Tracey Emin: Per quanto riguarda la Biennale di Venezia, devo dirti che quando ho “ottenuto” la Biennale… — uso questo termine “ottenere” (inglese “to get”, N.d.A.), perché in Gran Bretagna quando si partecipa alla Biennale, la si considera come una sorta di trofeo che non si può rifiutare, al di là del proprio percorso artistico — ho ricevuto l’invito soltanto otto mesi prima… quindi terribilmente tardi. Non avrei mai avuto tempo per fare ciò che volevo realmente.

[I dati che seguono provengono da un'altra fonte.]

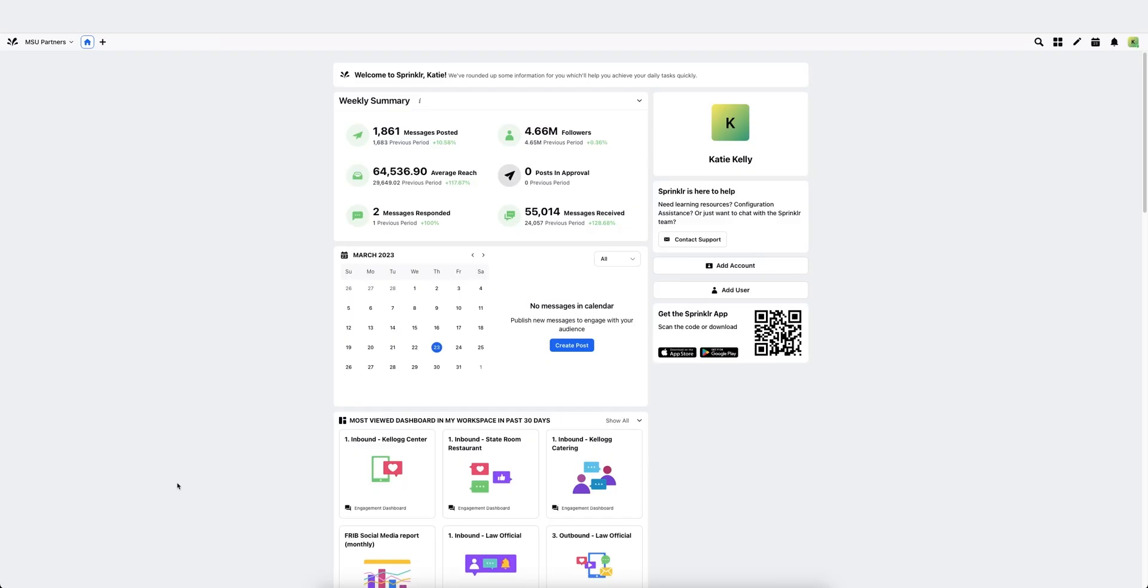Hello, this video contains instructions on how to connect accounts to Sprinklr. First thing you'll want to do is log into the accounts that you'll be connecting in a separate tab.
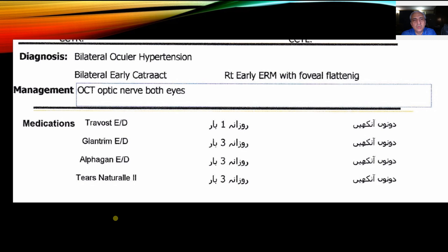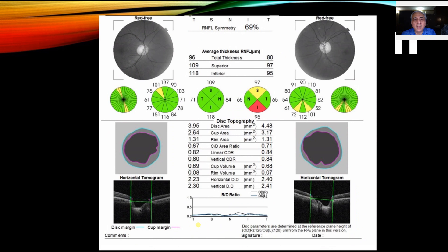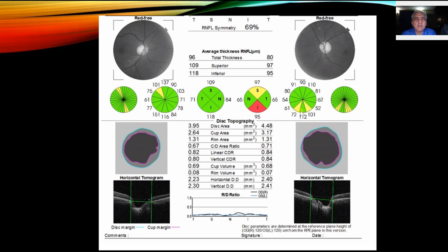The other important thing to look for on OCT is progressive thinning of the retinal nerve fiber. Here on the TSNIT map you can see it is now touching the red zone in both eyes. On the detail map, the average retinal nerve fiber thickness has dropped to 96 on the right and 80 on the left. The quadrant map, especially for the left eye, now shows a red area indicating significant reduction in the nerve fiber layer. In the clock-hour map you can also see damage in the borderline yellow zone. The vertical cup-to-disc ratio has slightly increased to 0.80–0.84.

La scelta era: mostrare una raccolta di vecchi lavori, e quindi rimanere intrappolata nel passato, oppure lasciare spazio al futuro… e il futuro per me sono la pittura, i disegni e la scultura.
AC: Le tue affinità elettive con Egon Schiele che appartengono al tuo lavoro da sempre, e sono ben visibili in questa nuova mostra, sono diventati una vera e propria dichiarazione di amore con la mostra “Where I want to go” che si è appena inaugurata al Leopold Museum di Vienna. In questa mostra tu stessa hai scelto dei suoi lavori per instaurare un dialogo a distanza nella storia con l’artista austriaco. Come hai operato in questa scelta?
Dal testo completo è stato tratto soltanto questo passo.